My wife and I each have a friend named Jordan. My friend Jordan is a man. Hers is a woman. The likelihood that a "Jordan" in the United States would be a man is about 74 percent, according to the API from Genderize.io. But we're probably getting a bit ahead of ourselves.
When it released its second quarter fundraising numbers on Wednesday night, the Hillary Clinton campaign broke out a few bullet points. Among them was a bit of data that neatly reinforced one constituency's enthusiasm for Clinton's candidacy: "61 percent of our donors were women."
That's a pretty specific figure! Not "more than 60 percent," not "about 60 percent." Sixty-one percent. Flat out.
Let's say you give money through the website, maybe by buying something in the store. When you go to complete your purchase, you fill out all of the requisite information: Name, address, yada yada. And then whatever you ordered comes in the mail and you've contributed $20 or whatever to Hillary Clinton. At no point did you tell them your gender.
So: What if your name is Jordan? Do you fall into the 61 percent of women or the 39 percent of men? How did Clinton figure out that split?
I asked the campaign. "It was determined through an internal analysis," staffer Josh Schwerin told me. So, that's helpful.
It does apparently rule out one possibility, however. We've written in the past about Acxiom, a company that compiles massive amounts of consumer data about Americans to help companies better target customers. Facebook partners with Acxiom to allow political campaigns to upload a list of voters and target specific groups: young mothers, say. (Facebook doesn't then allow that data to be exported back to the campaign.)
But Clinton did the analysis internally. Nathan Matias of the MIT Center for Civic Media wrote an extensive delineation of how, with a list of names in hand, one might go about figuring out a person's gender.
"The simplest approach" to automating gender identification, he writes, "is to use historical birth records to estimate the likely sex of a first name." The Social Security Administration releases annual data on the names given to babies each year. If you know a name and a birth year, it becomes much easier to narrow down identity.
Matias points to a project that uses information from the Global Name Data project, which itself uses data from the SSA. A look at that data indicates that 2.5 percent of the names it includes are within the 25 to 75 percent likelihood range for gender certainty. As a percentage of all the people included in the calculations (versus the percentage of names), 2.1 percent of people fall into that category -- and 90.7 percent of people fall into the 75 percent or more certainty range.
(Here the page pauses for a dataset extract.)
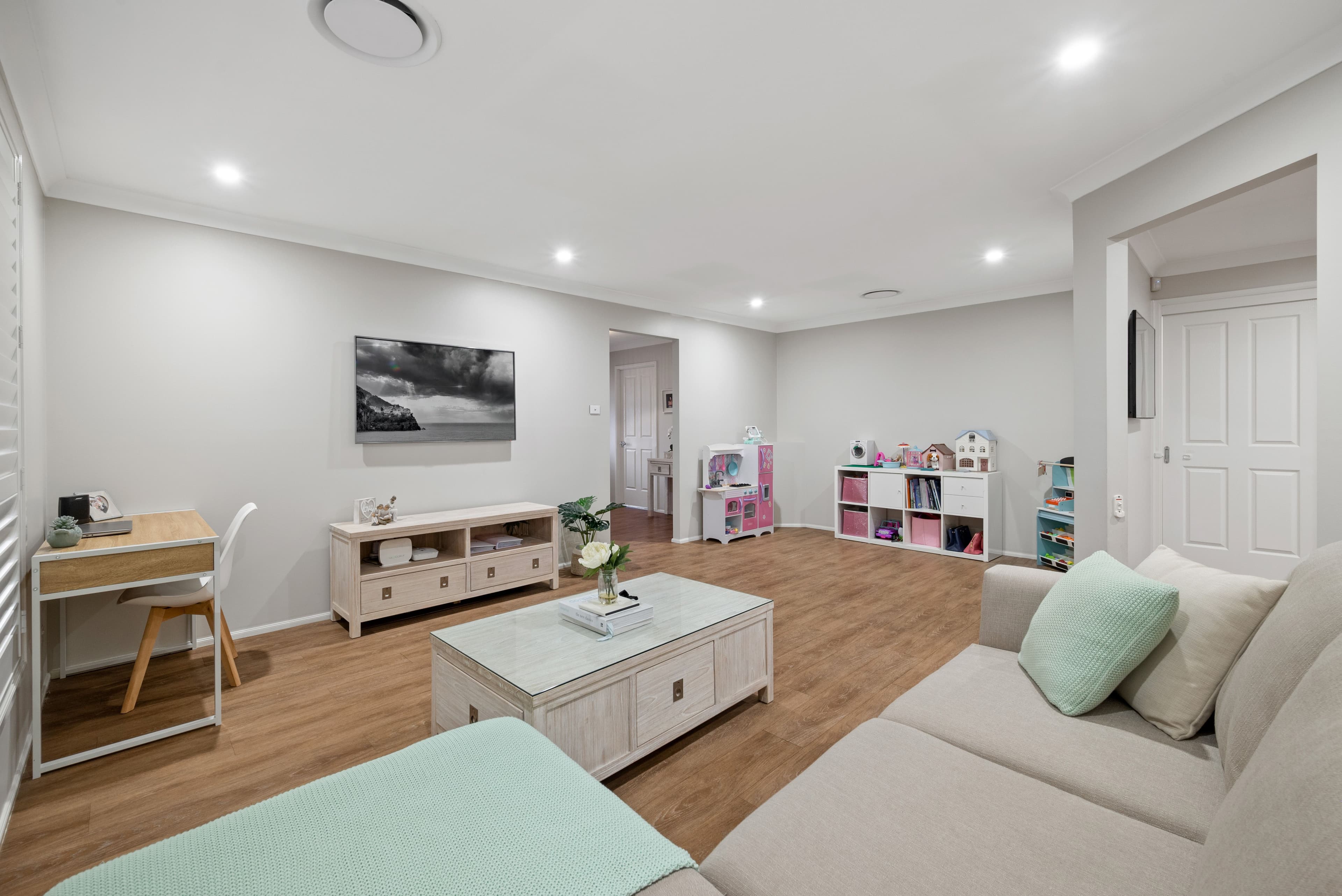 9 Narran Place, Glenmore Park NSW 2745, Glenmore Park - Thumbnail 4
In this data, by the way, the probability that a "Jordan" is male drops to 73 percent and change. But, here, try it for yourself.
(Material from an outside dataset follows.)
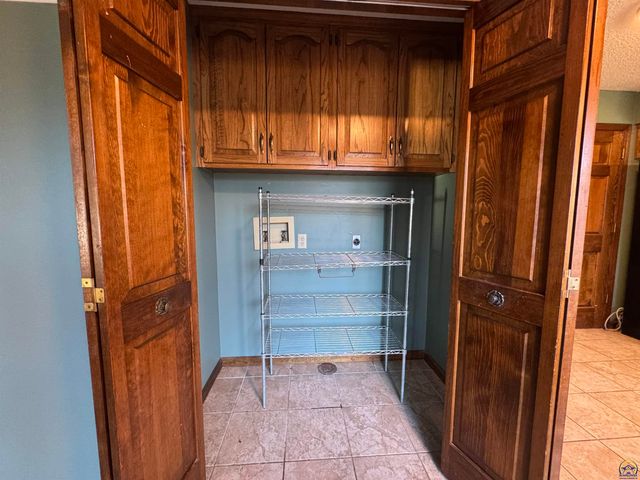 3630 SW Kings Forest RD, Topeka, KS 66610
So those figures, with whatever uncertainty exists, come from looking only at name. The more information you have, the easier it can be to identify a person's gender.
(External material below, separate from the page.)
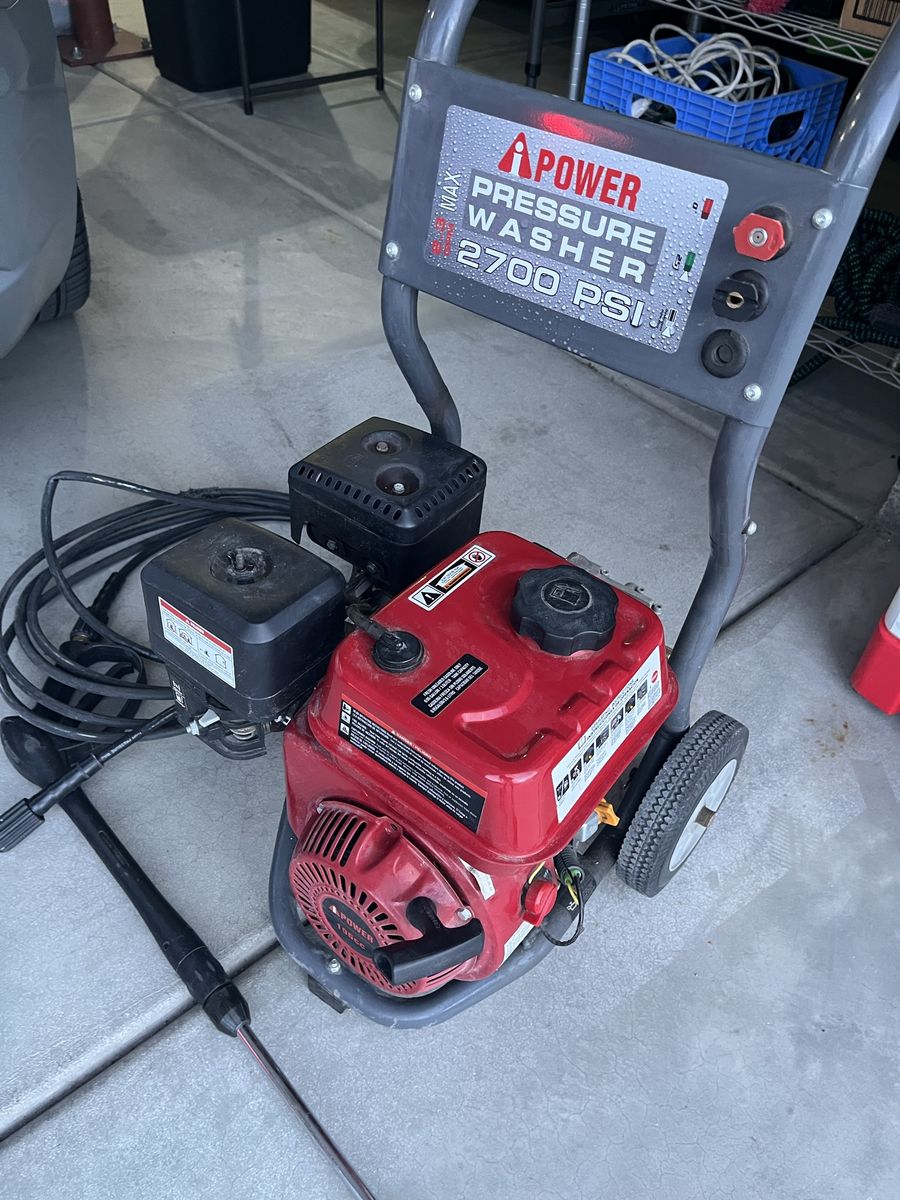 iPower APW2700 2700 PSI Gas-Powered Pressure Washer 2.3 Gallon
After all, we're talking about a political campaign. And the value to Hillary Clinton's team in knowing the gender of donors is not so that it can fill out a neat bullet point on a press release. The value lies in knowing the gender of voters across the board, so that they can be targeted with appropriate messages and advertising. So, without question, the information handed over by donors went into the campaign's existing voter database, where it sits with all of the other information the campaign has about a person, starting with the kernel of when, where and how often they vote.
As you're probably aware, voter registration information and voting histories are public information. What information is collected varies by state. In New York, the voter registration form mandates a gender choice. In California, it doesn't. Since this information is updated after each election, and because people move around, it's hard for a candidate's campaign to rebuild a list from scratch. So there are external vendors that maintain voter files, as well as systems run by political parties. There's a lot of competition in this; earlier this year, we noted that the Republicans were losing data customers to an external group.
In Clinton's FEC filing, the campaign lists a number of payments to "NGP Van Inc.," the go-to voter file vendor for Democrats. VAN (as it's known) allows campaigns to navigate data that's been compiled on voters by the party a company called TargetSmart for years, rolling in information provided by campaigns and updates from state registration data. Most of the people who gave money to Clinton are likely already identified by gender in the database to which Clinton's campaign is subscribing. (Update: TargetSmart tells us that 1.3 percent of the voters in its database aren't identified by gender.) It's not cheap; the campaign has already paid VAN nearly $80,000. But for what it provides, it's invaluable.
There's almost certainly still some margin of error in the 61 percent women figure that Clinton's campaign identifies: People missing from the voter file or people named Jordan or any number of other problems. We can't really know how far off it is, because we don't know how they got the figure in the first place. It's probably close to right. But who knows? Data are harder than it seems.
But it could be easier, as Nathan Matias points out at the outset of his article. "The simplest way to collect gender data," he writes, "is to ask people."
Correction: This post originally indicated that VAN did the data collection.